Brief
Write the listing out again word for word, leaving each picture behind.

Information provided
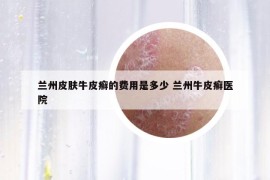 蘭州皮膚牛皮癬的費用是多少 蘭州牛皮癬醫(yī)院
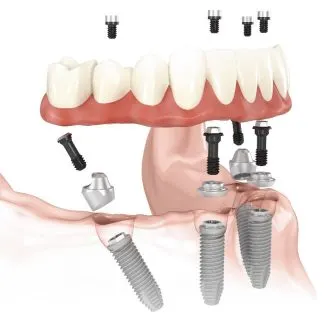 Illustration of an All-on-X full-arch dental implant restoration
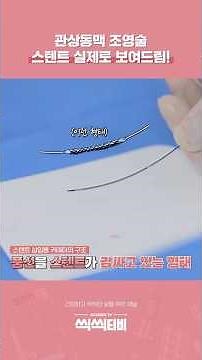 Coronary Angiography (CAG) and Stent Procedure Revealed! #CoronaryArteryDisease #ProfessorJungRaeJo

Response
 蘭州皮膚牛皮癬的費用是多少 蘭州牛皮癬醫(yī)院
 Illustration of an All-on-X full-arch dental implant restoration
 Coronary Angiography (CAG) and Stent Procedure Revealed! #CoronaryArteryDisease #ProfessorJungRaeJo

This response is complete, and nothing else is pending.